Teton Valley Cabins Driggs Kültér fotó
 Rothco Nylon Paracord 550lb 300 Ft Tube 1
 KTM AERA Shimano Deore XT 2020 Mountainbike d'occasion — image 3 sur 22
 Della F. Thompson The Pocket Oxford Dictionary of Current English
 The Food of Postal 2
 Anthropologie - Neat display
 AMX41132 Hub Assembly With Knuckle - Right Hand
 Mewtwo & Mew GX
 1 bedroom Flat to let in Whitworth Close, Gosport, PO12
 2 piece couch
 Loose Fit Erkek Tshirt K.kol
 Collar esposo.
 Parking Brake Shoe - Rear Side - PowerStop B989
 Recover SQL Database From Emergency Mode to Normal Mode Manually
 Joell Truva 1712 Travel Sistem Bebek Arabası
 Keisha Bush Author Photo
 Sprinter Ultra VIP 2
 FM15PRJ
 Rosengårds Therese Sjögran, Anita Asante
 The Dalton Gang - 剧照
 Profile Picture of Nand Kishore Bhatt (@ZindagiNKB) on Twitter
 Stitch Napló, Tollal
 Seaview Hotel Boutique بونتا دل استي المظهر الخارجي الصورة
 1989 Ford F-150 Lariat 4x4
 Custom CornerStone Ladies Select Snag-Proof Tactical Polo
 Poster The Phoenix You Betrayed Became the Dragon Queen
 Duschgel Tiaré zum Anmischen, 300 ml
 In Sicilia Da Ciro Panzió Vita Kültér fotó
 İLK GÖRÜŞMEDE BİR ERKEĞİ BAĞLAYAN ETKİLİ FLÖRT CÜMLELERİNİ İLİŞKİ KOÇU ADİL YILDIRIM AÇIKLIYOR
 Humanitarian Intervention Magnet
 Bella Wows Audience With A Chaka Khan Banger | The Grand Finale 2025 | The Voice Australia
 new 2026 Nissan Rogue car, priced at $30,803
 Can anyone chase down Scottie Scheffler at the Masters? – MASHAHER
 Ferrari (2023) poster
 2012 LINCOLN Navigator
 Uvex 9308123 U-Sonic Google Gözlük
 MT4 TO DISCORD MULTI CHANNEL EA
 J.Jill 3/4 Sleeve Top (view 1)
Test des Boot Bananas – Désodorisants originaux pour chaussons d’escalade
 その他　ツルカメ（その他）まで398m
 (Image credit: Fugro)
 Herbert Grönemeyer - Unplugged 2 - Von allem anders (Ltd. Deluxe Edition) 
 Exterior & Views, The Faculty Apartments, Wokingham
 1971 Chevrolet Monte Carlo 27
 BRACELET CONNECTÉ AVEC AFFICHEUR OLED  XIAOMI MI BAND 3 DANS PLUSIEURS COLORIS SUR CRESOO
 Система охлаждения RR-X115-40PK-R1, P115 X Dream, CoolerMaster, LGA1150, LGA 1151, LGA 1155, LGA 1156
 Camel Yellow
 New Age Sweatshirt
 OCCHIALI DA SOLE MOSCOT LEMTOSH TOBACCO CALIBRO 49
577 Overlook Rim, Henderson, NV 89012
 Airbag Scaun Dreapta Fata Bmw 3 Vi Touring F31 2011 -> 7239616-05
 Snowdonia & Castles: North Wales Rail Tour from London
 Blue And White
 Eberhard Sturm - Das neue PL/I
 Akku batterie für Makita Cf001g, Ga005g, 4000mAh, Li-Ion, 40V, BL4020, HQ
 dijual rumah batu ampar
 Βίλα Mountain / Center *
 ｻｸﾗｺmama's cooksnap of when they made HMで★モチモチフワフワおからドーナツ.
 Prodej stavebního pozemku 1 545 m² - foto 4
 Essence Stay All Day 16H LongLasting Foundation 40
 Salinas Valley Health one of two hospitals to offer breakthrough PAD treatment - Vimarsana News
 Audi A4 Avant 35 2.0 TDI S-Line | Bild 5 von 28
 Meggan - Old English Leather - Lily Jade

> **YOUR OBJECTIVE**
Run a filter over the data above and keep each line that contains the word "Valley".

> **COMPLETED TASK**
Teton Valley Cabins Driggs Kültér fotó
 Salinas Valley Health one of two hospitals to offer breakthrough PAD treatment - Vimarsana News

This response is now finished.